- DATA TO EXAMINE -
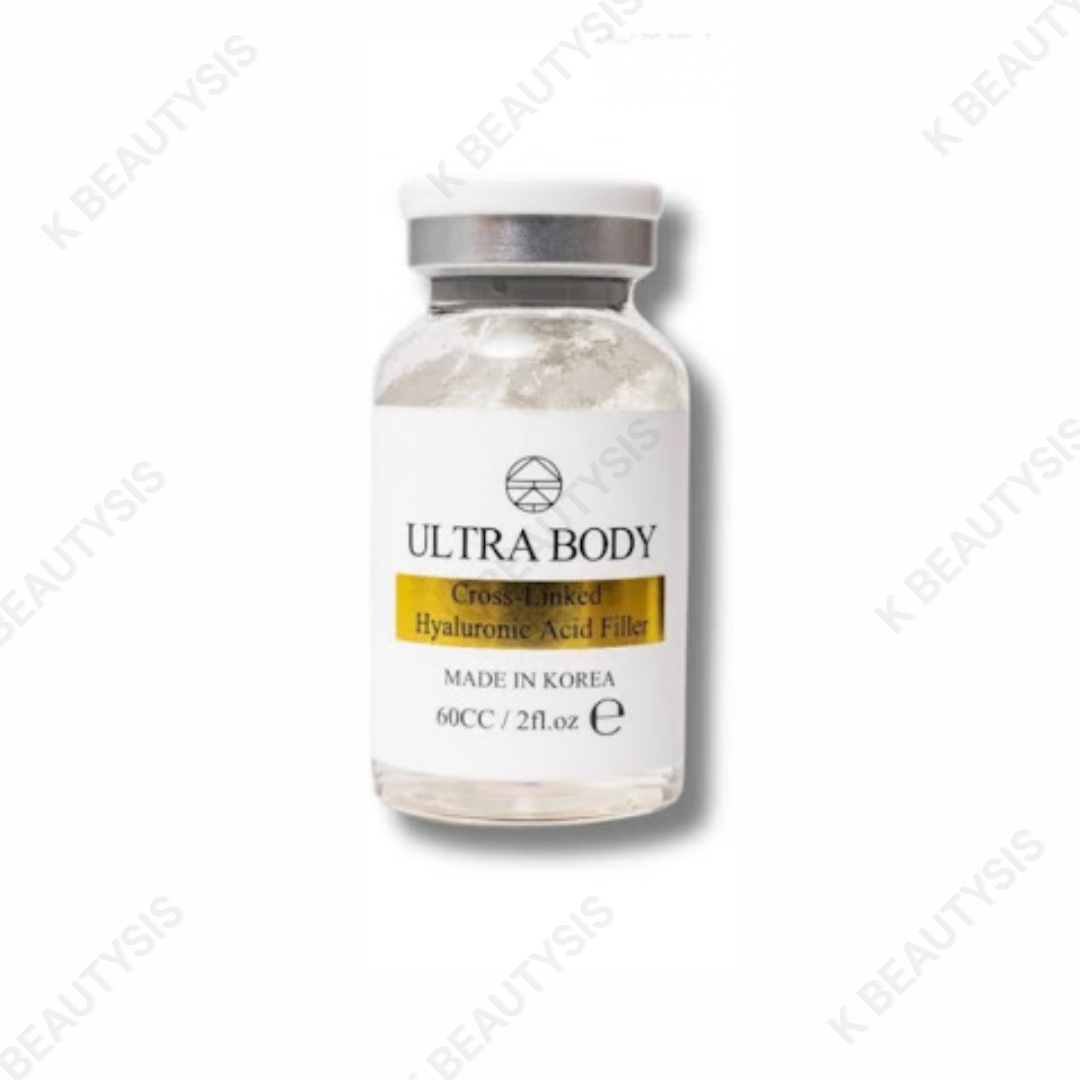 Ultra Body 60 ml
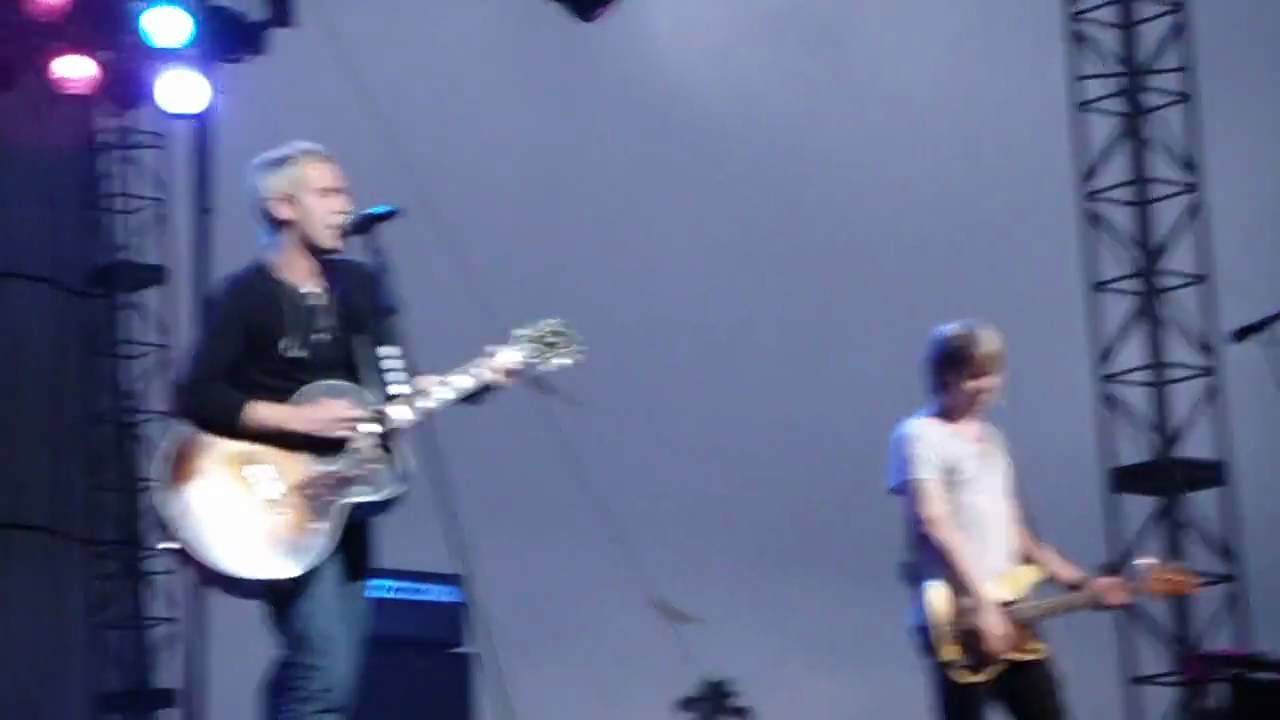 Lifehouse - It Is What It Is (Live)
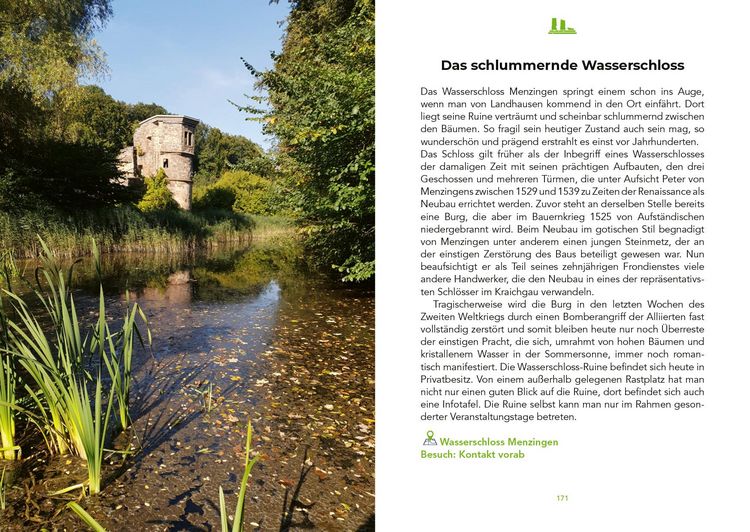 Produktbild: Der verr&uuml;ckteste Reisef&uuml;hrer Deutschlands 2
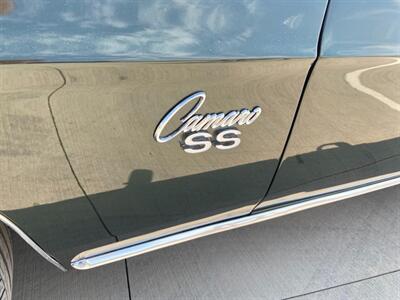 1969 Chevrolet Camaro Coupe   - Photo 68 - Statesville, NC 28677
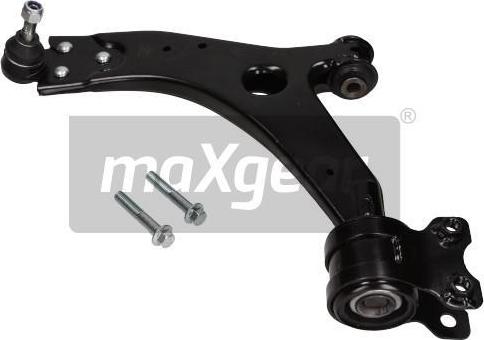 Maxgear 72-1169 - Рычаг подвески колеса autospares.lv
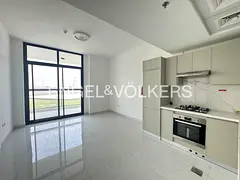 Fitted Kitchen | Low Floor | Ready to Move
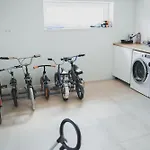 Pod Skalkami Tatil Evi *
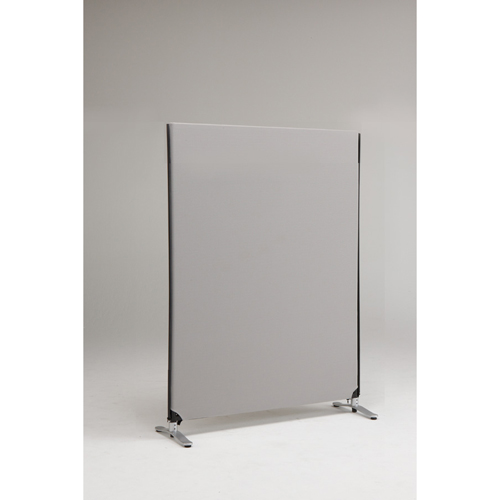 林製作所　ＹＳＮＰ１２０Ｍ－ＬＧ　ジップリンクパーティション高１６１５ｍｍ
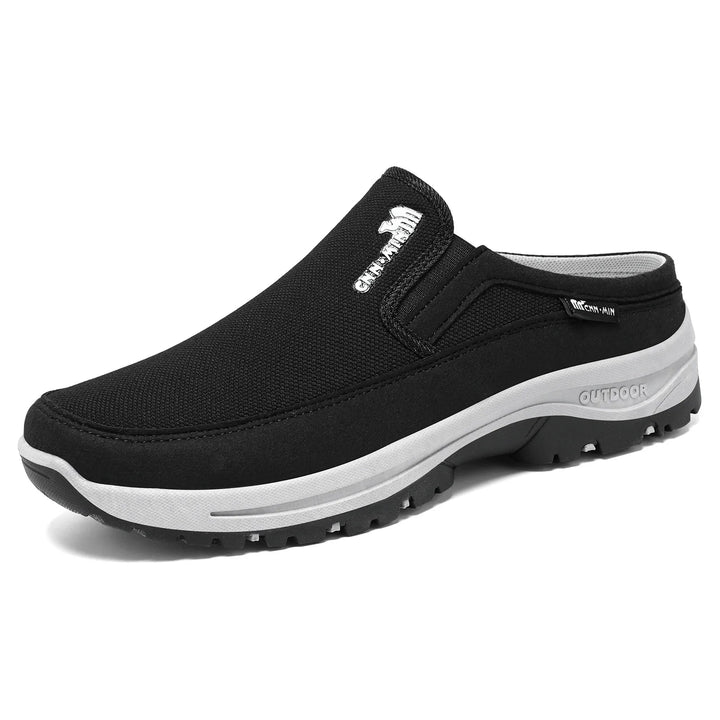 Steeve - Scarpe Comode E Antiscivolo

- WHAT IS BEING ASKED -
Return the complete material above exactly, with no picture.

- SOLUTION FOR THIS PROBLEM -
 Ultra Body 60 ml
 Lifehouse - It Is What It Is (Live)
 Produktbild: Der verr&uuml;ckteste Reisef&uuml;hrer Deutschlands 2
 1969 Chevrolet Camaro Coupe   - Photo 68 - Statesville, NC 28677
 Maxgear 72-1169 - Рычаг подвески колеса autospares.lv
 Fitted Kitchen | Low Floor | Ready to Move
 Pod Skalkami Tatil Evi *
 林製作所　ＹＳＮＰ１２０Ｍ－ＬＧ　ジップリンクパーティション高１６１５ｍｍ
 Steeve - Scarpe Comode E Antiscivolo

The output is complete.